So this is a close approximation of what the precursor to jazz sounded like in the late 19th Century, bringing to mind Lorca's meditation in that same lecture: "The dark and quivering duende that I am talking about is a descendant of the merry daemon of Socrates, all marble and salt, who angrily scratched his master on the day he drank hemlock, a descendent also of Descartes' melancholy daemon, small as a great almond, who, tired of lines and circles, went out along the canals to hear the drunken sailors sing." Witnessing the musical accompaniment for Tlacochahuaya's parade for St. Jeronimo's feast day, the Dance of the Conquest, and other performances I found, it would appear that every able bodied male in this farming town of 2,000 is a member of a brass band. Indeed, on the 17thC facade of the town's church, God himself is holding a trumpet up to St. Jerome's ear. (below)
Another Danzón from Tlacochahuaya:
From a 50's photographic imprint of the Valley of Oaxaca:
"..the great Valley of Oaxaca, justly famous for its pure air, its blue sky and its pretty countryside covered with flowers the twelve months of the year, where ash-trees, jacarindas, eucalyptus-trees and laurels of India abound.

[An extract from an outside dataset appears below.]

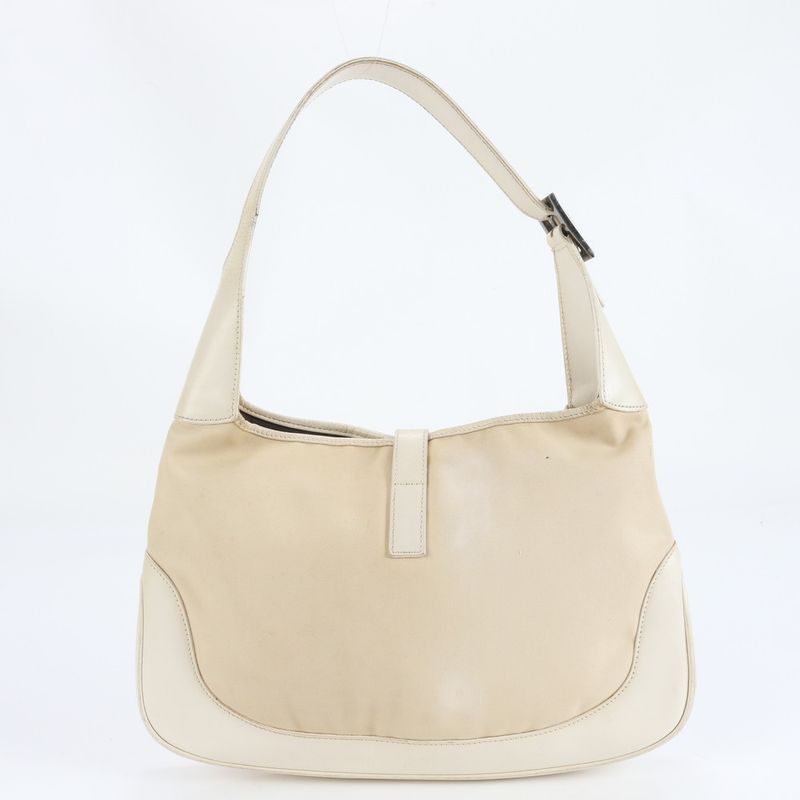 Gucci Jackie Leather Shoulder Bag Shoulder One Shoulder Tote 001-3306 Silver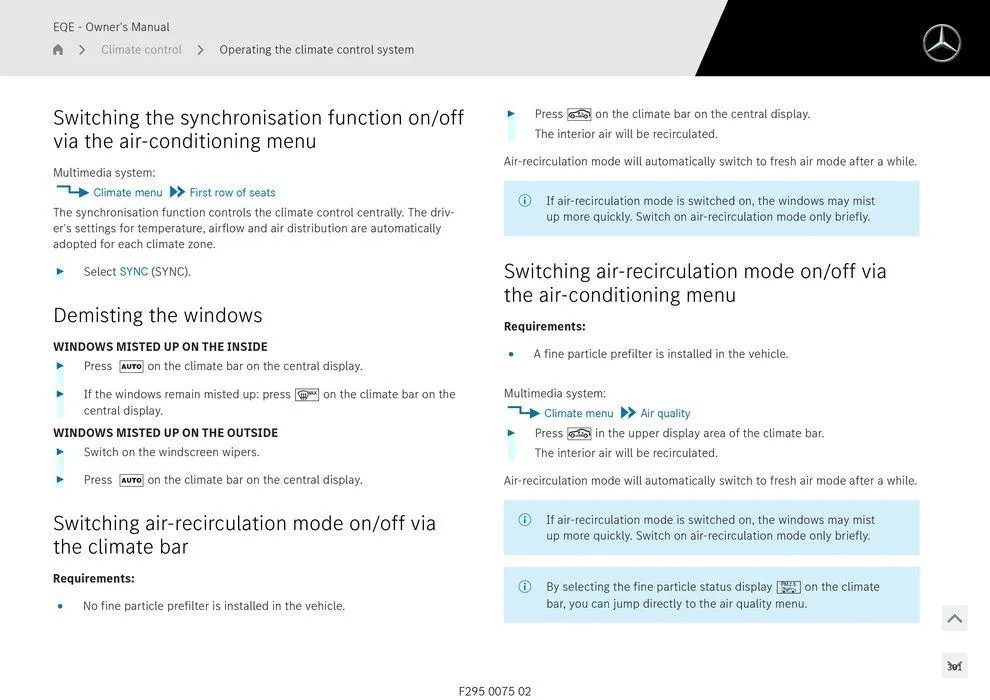 EQE Sedan - Catalogue valid from 11 September to 11 September 2025 - page 301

A great garden, a delightfully placid and harmonious place full of tranquility and well being, of ancient dreams and gay landscapes, and of pure poetry. There, among the meadows, sometimes half hidden in a wood, others around some hill, towns and villages suddenly appear, giving life to the countryside and inviting one to share their rural peace.
"But besides the beauties of nature, the Valley of Oaxaca, so sweet and calm, so appropriate for day-dreaming, contains History. The silence of the beautiful landscape is frequently broken by the echo of a thousand memories of its exciting past. A past situated in an almost mythical world, but amazingly rich in manifestations of the spirit and the actions of man. In this very ancient land the people carry deep inside them the nostalgia for something undefined, but which in their imagination must take the form of fabulous wealth, opulent cities and races in the fullness of their vigor. Nostalgia, indeed, for a mysterious and very remote past, full of beauty, irretrievably lost in spite of the fact that it sometimes seems that the old gods wander around here once more.."
* Sordello even gets the main square of Mantua named after him, containing the cathedral and the ducal palace, while Virgil must content himself with a Napoleonic-era piazza a block North, tho Virgil gets a statue and Sordello doesn't.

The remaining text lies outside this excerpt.